Korku motive eder: Batman, Goethe ve diğer kahramanlar
Uzun bir süre, bu dehşet verici korkulara sahip olan tek kişinin ben olduğumu düşündüm. Ancak yaşım ilerledikçe Batman gibi kurgusal bir kahramanın bile korktuğunu öğrendim. Batman yarasalardan korkuyordu. Eski bir psikiyatrist olan Scarecrow bir korku gazı geliştirmişti. Onu soluyan herkes halüsinasyonlar görüyor ve korkusuyla yüzleşiyordu. Gazı soluyan Batman ailesinin öldürüldüğü ve yarasalar gördü. Başkalarına yarasa gibi görünen, geceleri suçluları ve katilleri korkutan bu adamın kendisi yarasalardan korkuyordu. Hizmetkârı Alfred, Batman’e neden yarasa olmayı seçtiğini sorduğunda şöyle cevap verir: “Çünkü yarasalar beni korkutuyor. Düşmanlarımın da benim korkumu paylaşmasının zamanı geldi.” Batman, korkusunun üstesinden gelmek için korkunun kendisi olmaya karar verdi. Onu korkutan şeyin rolünü üstlenerek korkusunun üstesinden gelmek istedi. Hz. Ali, anlamadığımız şeylerden korktuğumuzu söyler. “Anlamadığımız şeylerden korkarız.” Bu tecrübe ile de sabittir. Batman korkusunu anlamak için korktuğu şeye dönüştü. Bunu yaparken de bize korkusuyla başa çıkmanın bir yolunu öğretti: Sizi korkutan şeyin bakış açısını benimseyin. Bu yöntem Batı’nın en büyük şair ve düşünürlerinden biri tarafından da kullanılmıştır.
Goethe, Batman’den tamamen farklı bir zorlukla karşı karşıyaydı. Goethe, çok sevdiği Avrupa’nın İslam korkusunu yenmesini istiyor bunun için mücadele ediyordu. Goethe’nin zamanında Kuran sadece Müslümanlara karşı argüman geliştirmek için tercüme ediliyordu. Ancak Alman şairlerin ustası, Kuran’ı ve Müslüman şair ve düşünürleri başka saiklerle okudu. Anlamak istiyordu. Tüm Avrupa’ya İslam korkusu hâkimken, Goethe daha önce hiçbir Avrupalı şair ya da düşünürün yapmadığı bir şey yaptı: Müslümanların bakış açısını benimsedi.
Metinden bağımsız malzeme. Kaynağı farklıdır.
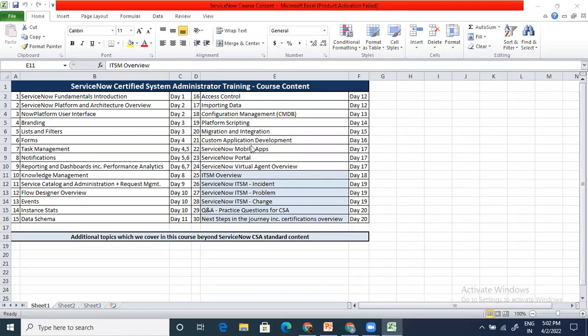Welcome to the class. So far we have already completed the entire course content specified by ServiceNow for the Certified System Administrator. These are additional topics we'll cover in the next two or three days as a value add. This is not part of the ServiceNow Certified System Administrator course as such, but it is important because if you want to start a ServiceNow journey as an implementation specialist or administrator, the first thing you generally work on is the ServiceNow ITSM module.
Goethe, Batı-Doğu Divanı’nda Müslümanların bakış açısıyla yazdı. Bu durum Müslümanların Goethe’nin Müslüman olduğunu düşünmelerine yol açsa da Goethe sadece Batı’nın ufkunu genişletmek istemişti. Müslümanların nasıl düşündüğü görüldüğünde Avrupa’nın daha da gelişeceğini ümit ediyordu. Ne yazık ki çok az insan Goethe’nin niyetini anladı. İslam’ın manevi hazinesinden şiirleriyle aktardıklarıyla, Almanya ve Avrupa’yı kültürel açıdan geliştirmeyi ve zenginleştirmeyi amaçlıyordu. Onun yaşam felsefesi şuydu: Kendini daha yüksek bir kültürel seviyeye çıkarmak için diğer kültürlerden doğruyu, iyiyi ve güzeli al ve özümse. Bu, en önemli temsilcisi Goethe olan Weimar Okulunun sloganıydı.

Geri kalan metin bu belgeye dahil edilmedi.